Health insurance reform proponents love to trot out the example of automobile insurance to show that the government can force people to buy insurance. That analogy is false, however, because states do not require motorists to insure themselves, only the damage they do to others.
But since the analogy is out there, think of it this way: Forcing health insurance companies to write policies for people with preexisting conditions is like forcing car insurance companies to write policies for drivers after they have had an accident—and to pay for repairs stemming from the accident.
If drivers could wait until they had an accident to get insurance, they would. Likewise, a homeowner would not insure the home until it had burned to the ground.
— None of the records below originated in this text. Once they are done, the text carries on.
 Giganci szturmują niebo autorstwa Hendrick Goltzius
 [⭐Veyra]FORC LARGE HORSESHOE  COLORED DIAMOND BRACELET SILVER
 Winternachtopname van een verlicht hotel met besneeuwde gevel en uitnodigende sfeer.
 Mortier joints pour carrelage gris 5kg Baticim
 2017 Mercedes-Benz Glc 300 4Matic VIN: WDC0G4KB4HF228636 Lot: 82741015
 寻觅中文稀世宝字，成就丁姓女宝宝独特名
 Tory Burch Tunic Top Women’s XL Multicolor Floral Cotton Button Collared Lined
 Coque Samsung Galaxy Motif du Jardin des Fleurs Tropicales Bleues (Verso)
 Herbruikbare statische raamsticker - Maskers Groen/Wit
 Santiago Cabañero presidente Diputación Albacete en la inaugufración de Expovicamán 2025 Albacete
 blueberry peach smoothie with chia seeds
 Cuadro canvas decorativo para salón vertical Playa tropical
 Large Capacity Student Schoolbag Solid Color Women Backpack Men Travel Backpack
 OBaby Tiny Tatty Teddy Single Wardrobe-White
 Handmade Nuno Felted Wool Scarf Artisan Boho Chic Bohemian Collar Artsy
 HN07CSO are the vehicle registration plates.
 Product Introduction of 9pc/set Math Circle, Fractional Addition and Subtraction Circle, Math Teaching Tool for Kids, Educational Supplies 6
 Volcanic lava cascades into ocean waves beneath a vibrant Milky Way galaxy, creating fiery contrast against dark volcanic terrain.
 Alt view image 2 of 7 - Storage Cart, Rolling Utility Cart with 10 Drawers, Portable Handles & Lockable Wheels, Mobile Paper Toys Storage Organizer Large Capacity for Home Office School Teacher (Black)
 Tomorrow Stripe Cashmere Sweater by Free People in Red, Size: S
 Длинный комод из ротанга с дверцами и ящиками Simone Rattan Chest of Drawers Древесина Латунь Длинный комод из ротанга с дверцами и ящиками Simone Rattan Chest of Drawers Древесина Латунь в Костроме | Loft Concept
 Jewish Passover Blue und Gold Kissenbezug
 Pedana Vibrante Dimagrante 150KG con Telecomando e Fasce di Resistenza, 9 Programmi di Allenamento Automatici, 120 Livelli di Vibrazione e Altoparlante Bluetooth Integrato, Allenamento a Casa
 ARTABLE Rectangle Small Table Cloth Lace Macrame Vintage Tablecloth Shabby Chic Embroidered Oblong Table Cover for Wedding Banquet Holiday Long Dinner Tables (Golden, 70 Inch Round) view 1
A boat owner would not insure the vessel until it had sunk. The list is endless.
This is the actuarial foundation of insurance: A large group of people pay a small amount of money, knowing that the insurer will pay a much larger sum, if needed. If no one pays premiums until they have a claim, the system does not work.
In its present form, the new healthcare system will not work, because it defies actuarial reality. It is not insurance at all; it is a scheme to drive private insurance out of business, leaving government to pick up the pieces. Proponents of healthcare reform should come out and say they plan to kill private health insurance, but that is not politically viable. So they pretend that they will simply improve the present system.
That’s the funny thing about words: They don’t come with “true” or “false” labels. It’s up to the individual to use common sense to discover the truth. Fortunately, that isn’t too hard with the current health insurance debate.